### TASK INPUTS
*** Block opens ***

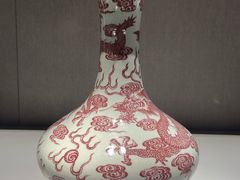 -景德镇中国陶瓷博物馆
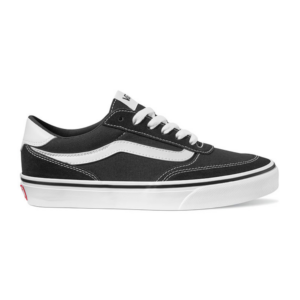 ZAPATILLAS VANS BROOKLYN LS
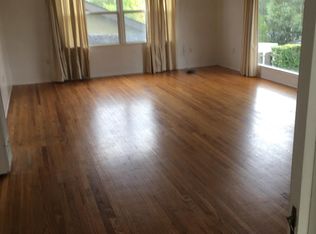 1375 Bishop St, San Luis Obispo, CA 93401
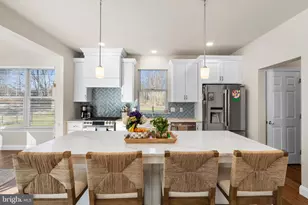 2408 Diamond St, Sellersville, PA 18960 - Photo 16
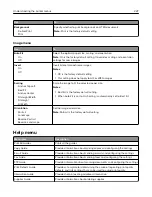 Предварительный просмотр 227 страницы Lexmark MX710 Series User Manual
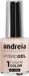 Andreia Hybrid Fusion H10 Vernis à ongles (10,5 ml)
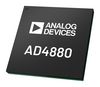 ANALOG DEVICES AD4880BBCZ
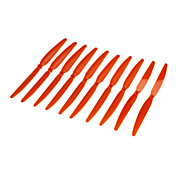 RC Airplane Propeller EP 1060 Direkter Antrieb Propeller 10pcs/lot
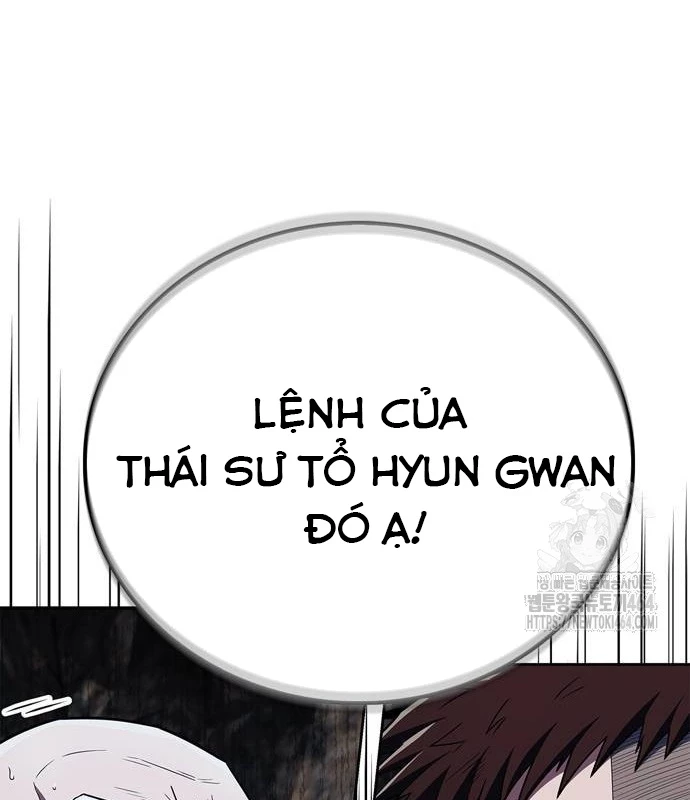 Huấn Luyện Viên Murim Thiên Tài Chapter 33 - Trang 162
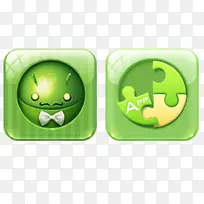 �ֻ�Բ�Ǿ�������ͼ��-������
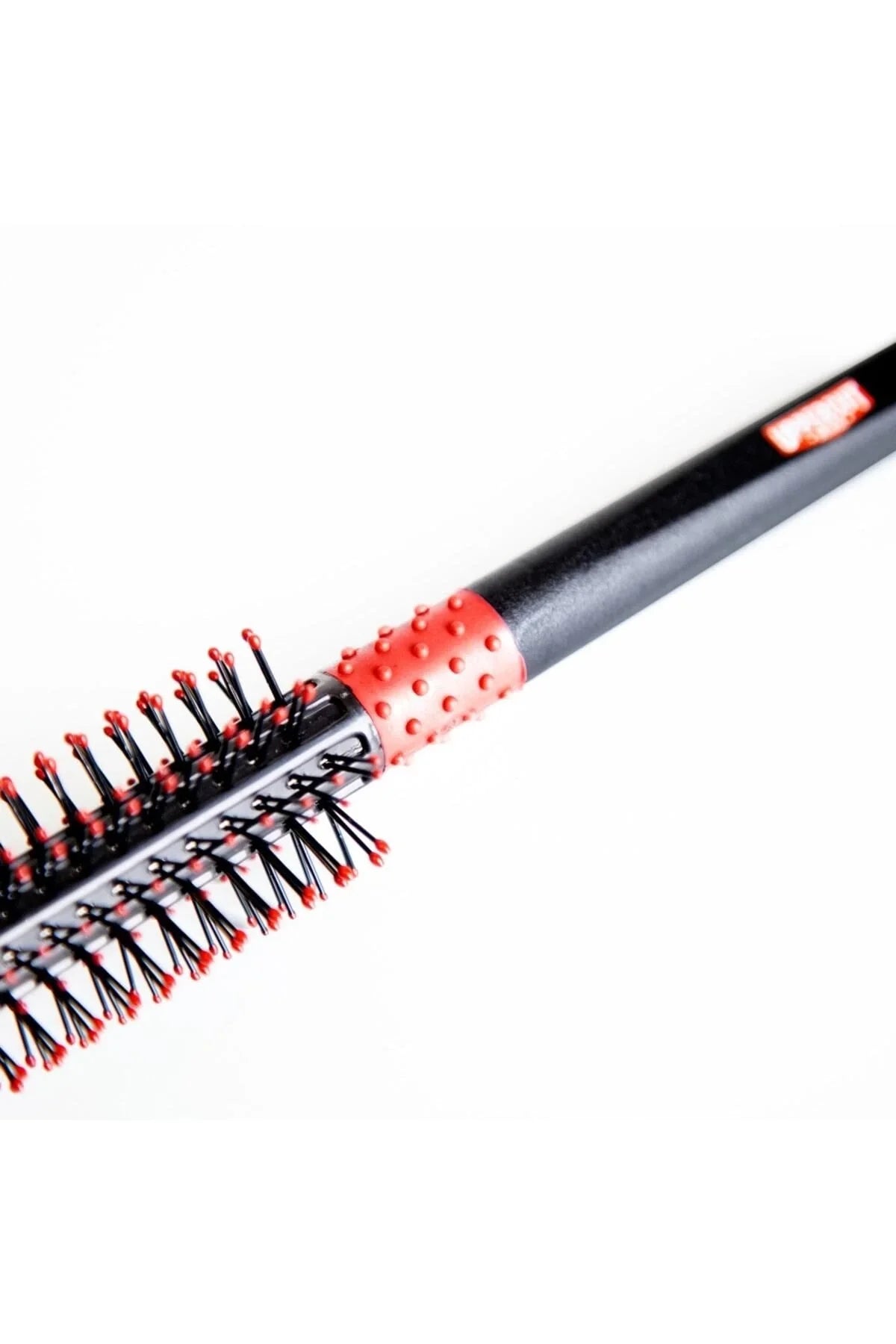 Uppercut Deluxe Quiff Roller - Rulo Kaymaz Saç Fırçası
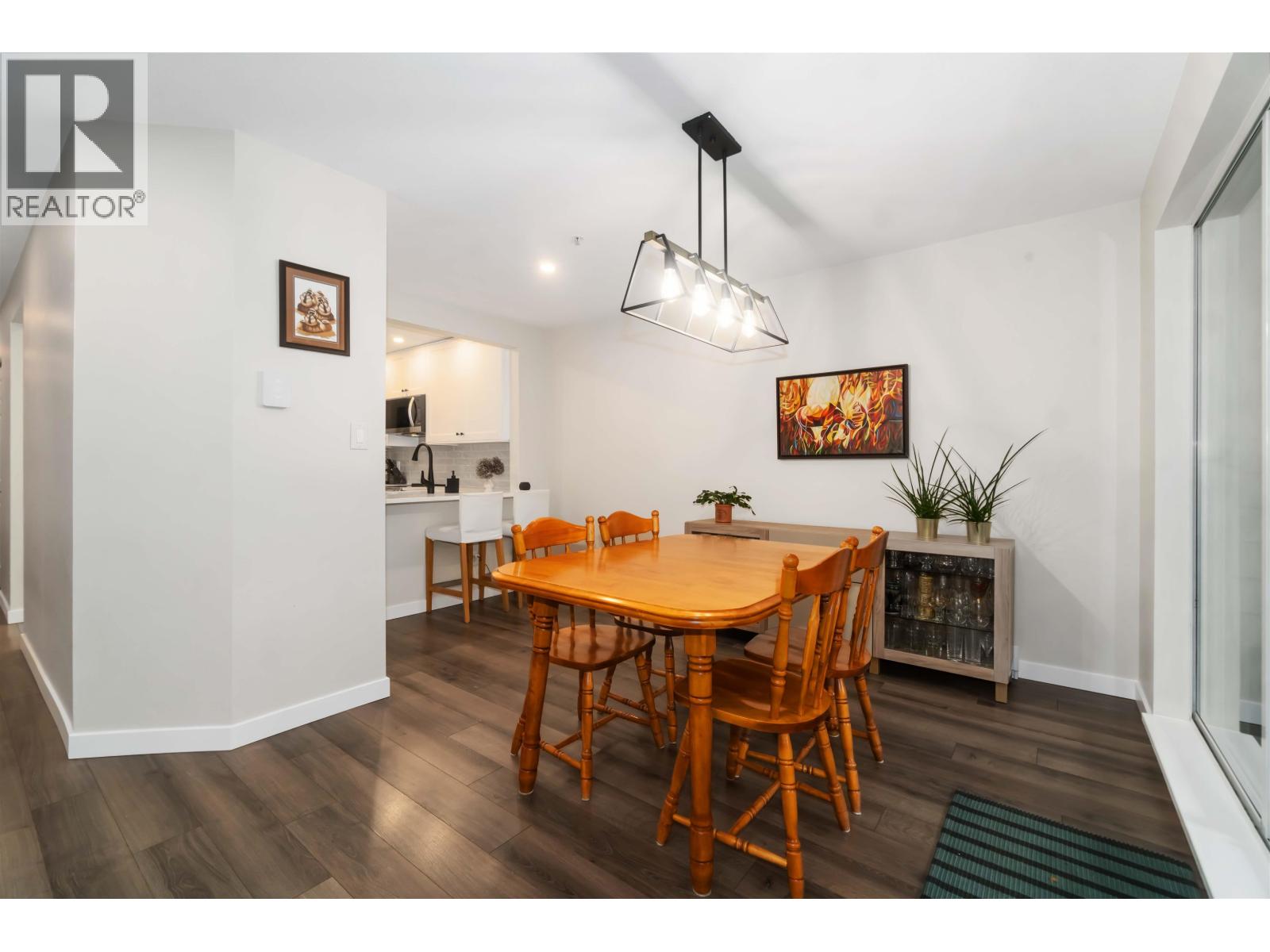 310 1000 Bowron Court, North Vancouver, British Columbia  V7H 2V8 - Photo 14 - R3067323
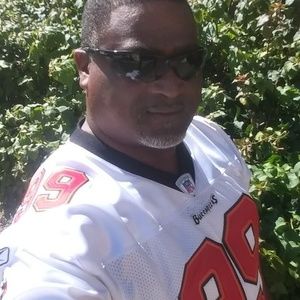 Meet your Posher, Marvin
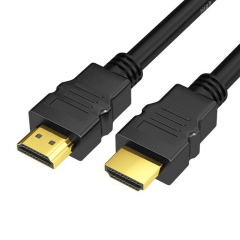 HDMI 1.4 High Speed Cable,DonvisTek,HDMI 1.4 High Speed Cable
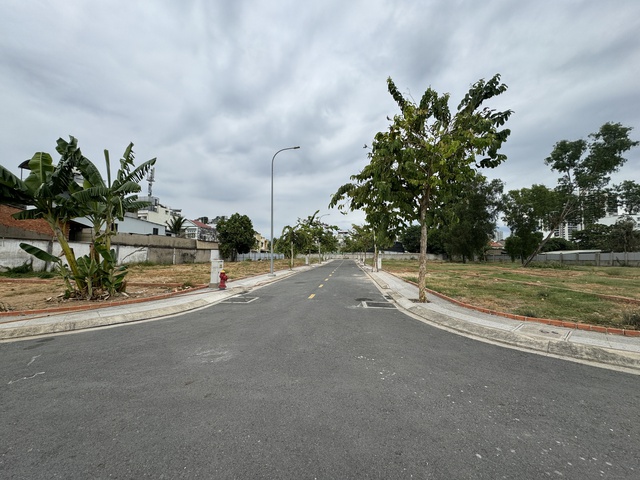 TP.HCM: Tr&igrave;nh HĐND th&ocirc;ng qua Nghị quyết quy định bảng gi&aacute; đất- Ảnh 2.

*** Block closes ***

### EXERCISE DESCRIPTION
Exactly as written, give again every line from the one containing "Предварительный просмотр 227" through the last line of the material, both included, with the pictures left out.

### THE ANSWER
 Предварительный просмотр 227 страницы Lexmark MX710 Series User Manual
 Andreia Hybrid Fusion H10 Vernis à ongles (10,5 ml)
 ANALOG DEVICES AD4880BBCZ
 RC Airplane Propeller EP 1060 Direkter Antrieb Propeller 10pcs/lot
 Huấn Luyện Viên Murim Thiên Tài Chapter 33 - Trang 162
 �ֻ�Բ�Ǿ�������ͼ��-������
 Uppercut Deluxe Quiff Roller - Rulo Kaymaz Saç Fırçası
 310 1000 Bowron Court, North Vancouver, British Columbia  V7H 2V8 - Photo 14 - R3067323
 Meet your Posher, Marvin
 HDMI 1.4 High Speed Cable,DonvisTek,HDMI 1.4 High Speed Cable
 TP.HCM: Tr&igrave;nh HĐND th&ocirc;ng qua Nghị quyết quy định bảng gi&aacute; đất- Ảnh 2.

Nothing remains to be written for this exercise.